■ **Your task**: Records follow. Print exactly the lines from the one that has "- imagine 10" through the one that has "Paco Rabanne Invictus Giftset", inclusive, and omit the pictures.

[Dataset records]
☆ ☆ ☆ ☆ ☆ ☆ ☆
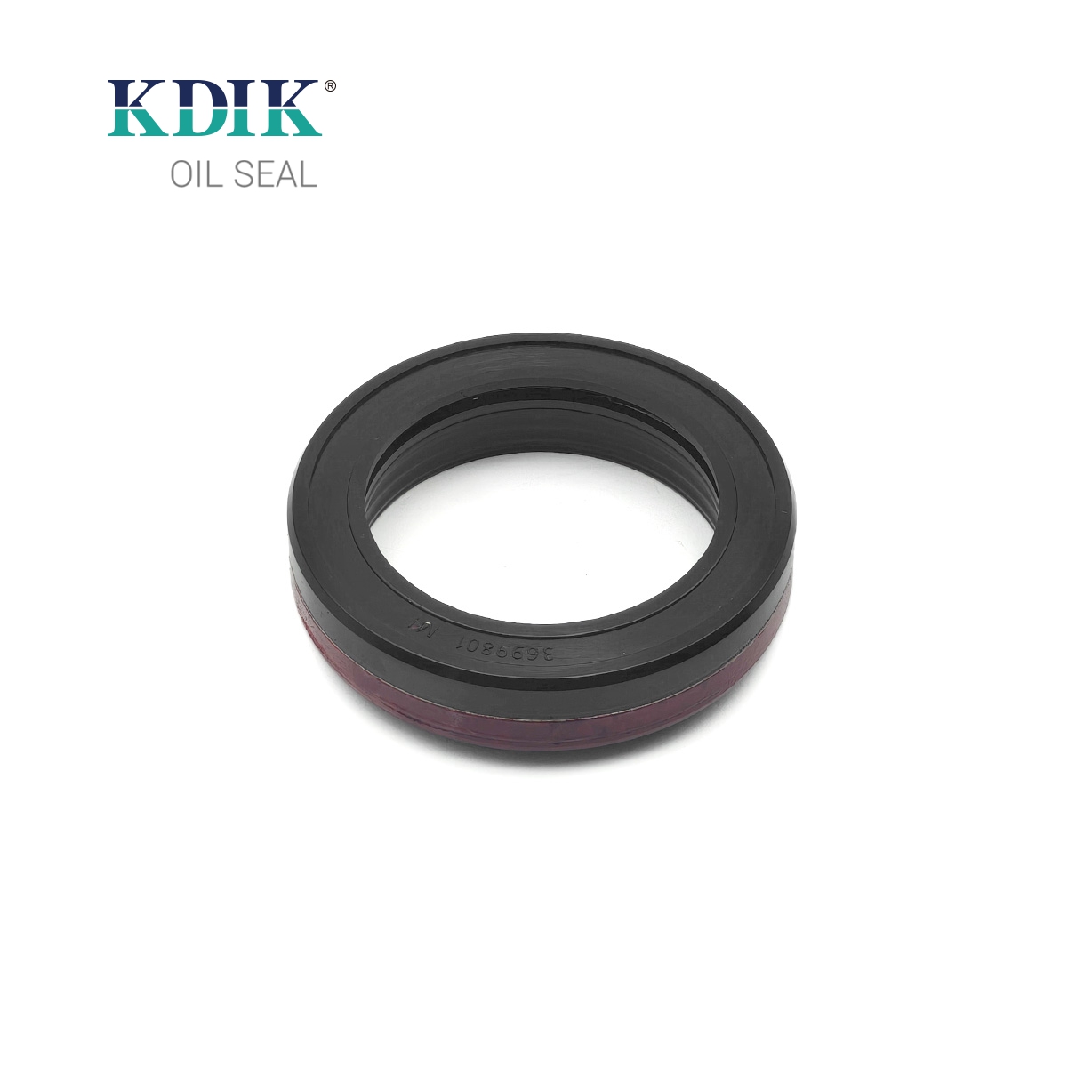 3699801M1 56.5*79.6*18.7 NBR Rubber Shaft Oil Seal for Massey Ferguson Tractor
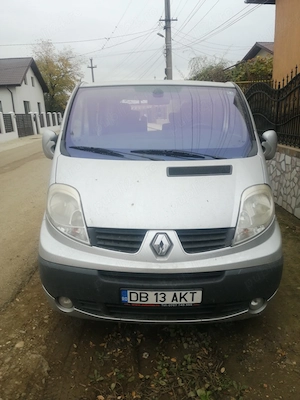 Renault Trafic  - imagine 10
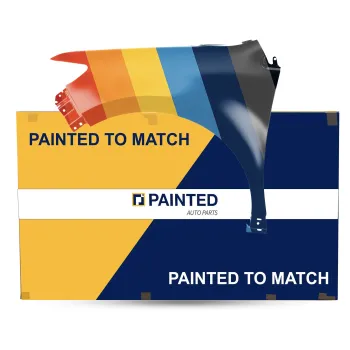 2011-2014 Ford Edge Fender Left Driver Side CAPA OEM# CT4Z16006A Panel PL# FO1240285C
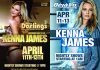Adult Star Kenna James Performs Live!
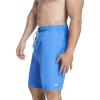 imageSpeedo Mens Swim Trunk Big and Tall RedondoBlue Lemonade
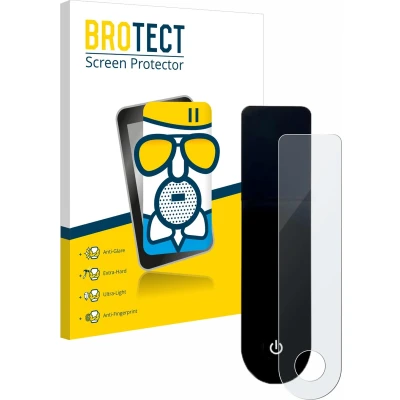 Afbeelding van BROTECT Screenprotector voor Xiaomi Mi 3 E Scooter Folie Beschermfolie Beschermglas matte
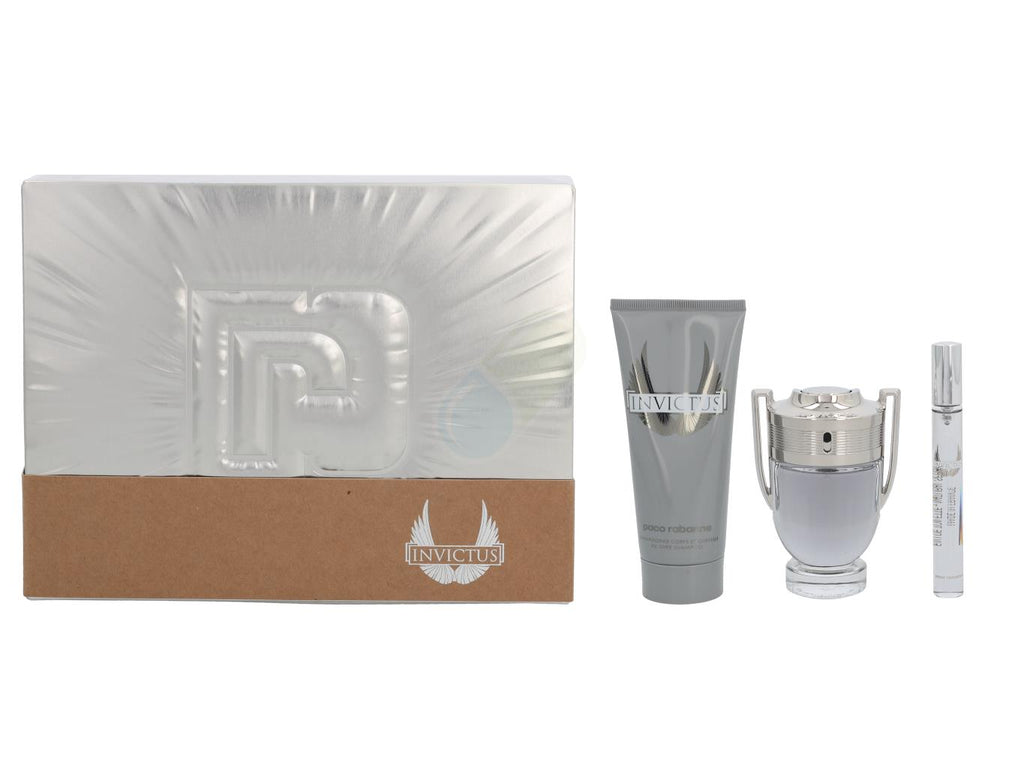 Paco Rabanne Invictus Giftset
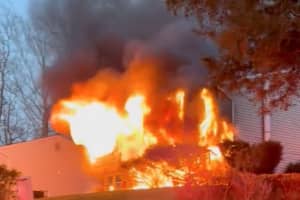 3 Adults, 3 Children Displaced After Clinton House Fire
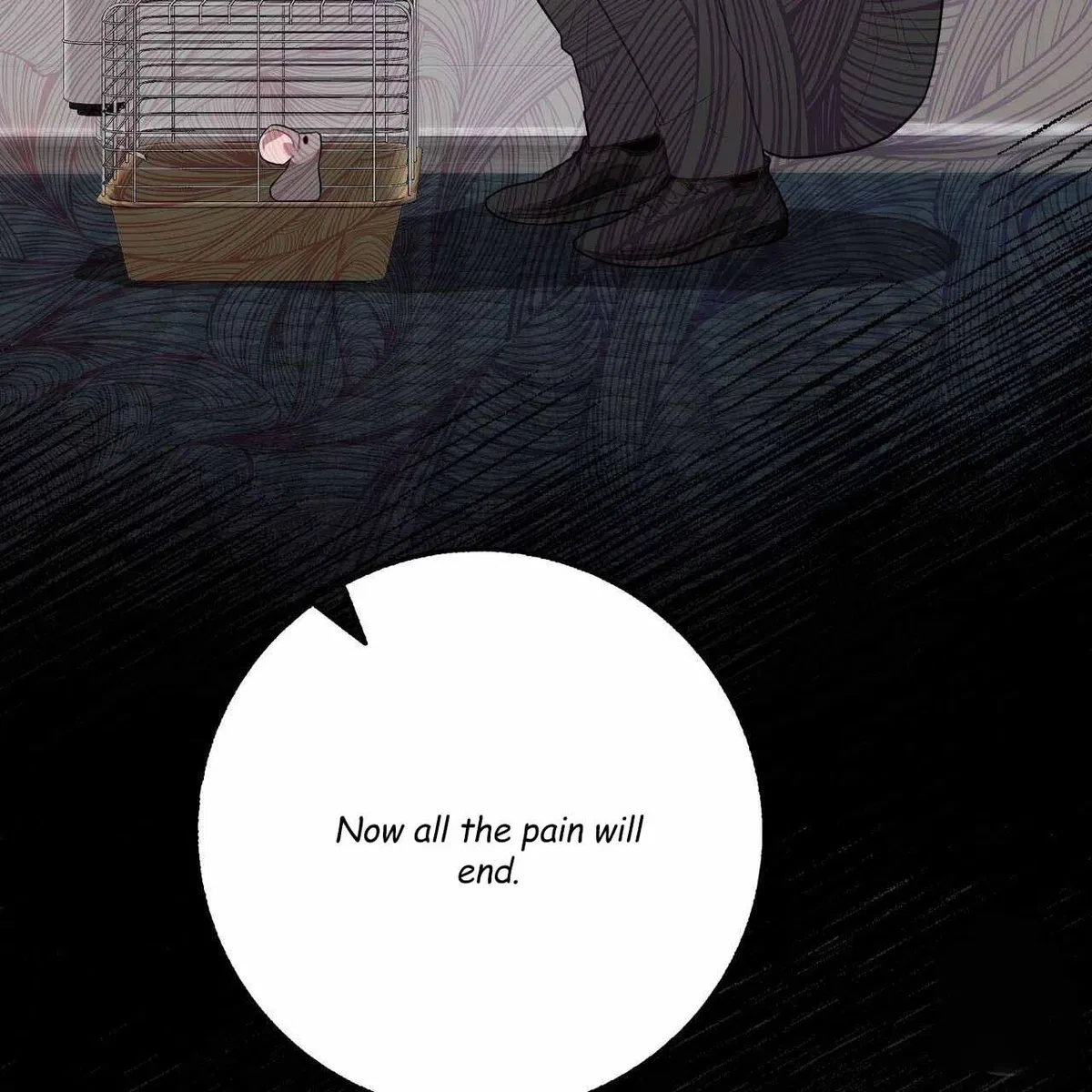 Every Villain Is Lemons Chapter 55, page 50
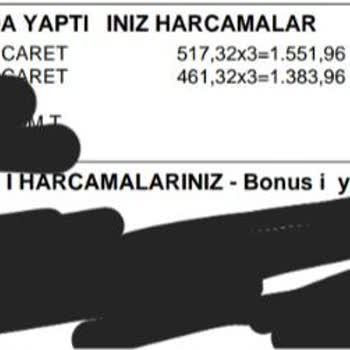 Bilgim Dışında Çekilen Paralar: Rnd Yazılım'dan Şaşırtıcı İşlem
☆ ☆ ☆ ☆ ☆ ☆ ☆
■ **The answer**:
 Renault Trafic  - imagine 10
 2011-2014 Ford Edge Fender Left Driver Side CAPA OEM# CT4Z16006A Panel PL# FO1240285C
Adult Star Kenna James Performs Live!
 imageSpeedo Mens Swim Trunk Big and Tall RedondoBlue Lemonade
 Afbeelding van BROTECT Screenprotector voor Xiaomi Mi 3 E Scooter Folie Beschermfolie Beschermglas matte
 Paco Rabanne Invictus Giftset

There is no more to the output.